Protecting paths in macro expansions by extending UTF-8

CJefferson · 2024-03-05T12:01:58 1709640118

This article seems to assume paths will be valid UTF-8, which isn't true on either Linux certainly, and Windows as far as I know.

of course we could say "paths must be valid UTF-8 for this program to work" (quite a few Rust programs do require this, as they store paths in standard Rust strings, which themselves must be valid UTF-8), but if your concern is dodgy paths breaking things, you probably need to check for that somewhere?

tialaramex · 2024-03-05T13:15:24 1709644524

Yes, in Windows the actual implementation requires that paths consist of sequences of 16-bit values, and those values have some constraints, but the constraints don't include requiring that they're valid UTF-16, and so they aren't necessarily valid Unicode text, and so there may be no UTF-8 representation. In Unix they're just bytes and the bytes may not be UTF-8.

In Rust terms what Windows is doing is basically [u16] and what Unix does is basically [u8] and neither of these is necessarily meaningful human text.

Internally Rust's OsString is probably like the hack in this blog post, all valid UTF-8 is just stored as UTF-8 which means everything else must be using the byte values which aren't needed in UTF-8. But Rust is explicit that this is opaque and not guaranteed to stay the same across compiler or library versions.

account42 · 2024-03-05T14:48:11 1709650091

Afaik Rust (currently) uses WTF-8 [0] to store Windows (WTF-16) strings which is a very useful encoding if you need to deal with such strings in your programs written in other languages as well. The conversion is essentially the same as UTF-16 -> to UTF-8 except you interpret unmatched surrogate pairs as (reserved) Unicode values with the same value and encode those to UTF-8 as you would any other Unicode value. So this doesn't use exactly the same trick as TFA - instead of using invalid UTF-8 encodings it uses "normal" UTF-8 encodings of invalid Unicode values (specifically exactly those that were reserved when extending UCS-2 to UTF-16). Or in other words, WTF-16 <-> WTF-8 conversion is the same as UTF-16 <-> UTF-8 conversion but without (some of) the error handling.

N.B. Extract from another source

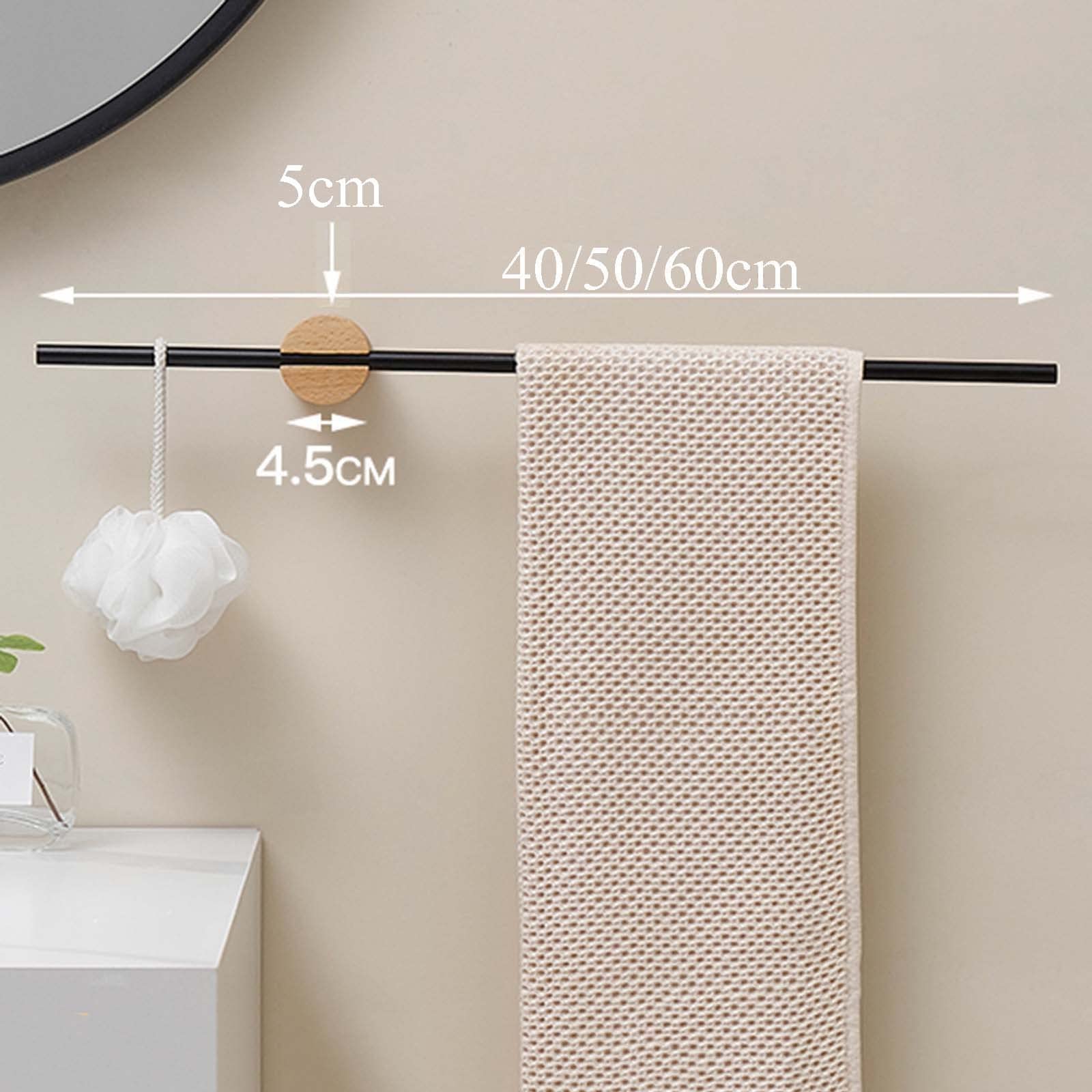 Toallero adhesivo montado en la pared para baño, sin taladrar, de madera/aluminio, toallero de movimiento libre para baño, inodoro, color negro, 40 cm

[0] https://simonsapin.github.io/wtf-8/

ekimekim · 2024-03-05T17:22:06 1709659326

What unix does is closer to [NonZeroU8] which is actually very helpful as can be seen in shell commands like find -print0 | xargs -0, since a NUL character is guarenteed to not be part of the actual arguments. You could do the same here, but I suspect the program in question does not support NUL characters in their strings for the same reason unix doesn't (because that's what C does).

tialaramex · 2024-03-06T13:56:28 1709733388

A good observation, I'd forgotten NonZeroU8 is a standard library type. I suspect (but haven't verified) Windows likewise requires [NonZeroU16]

BobbyTables2 · 2024-03-06T14:57:09 1709737029

Even Python assumes Unicode, unless one passes “bytes” strings for filenames.

I was recently astounded when small Python script I whipped up to hash and compare binary file content died with a Unicode related exception — from the filename itself!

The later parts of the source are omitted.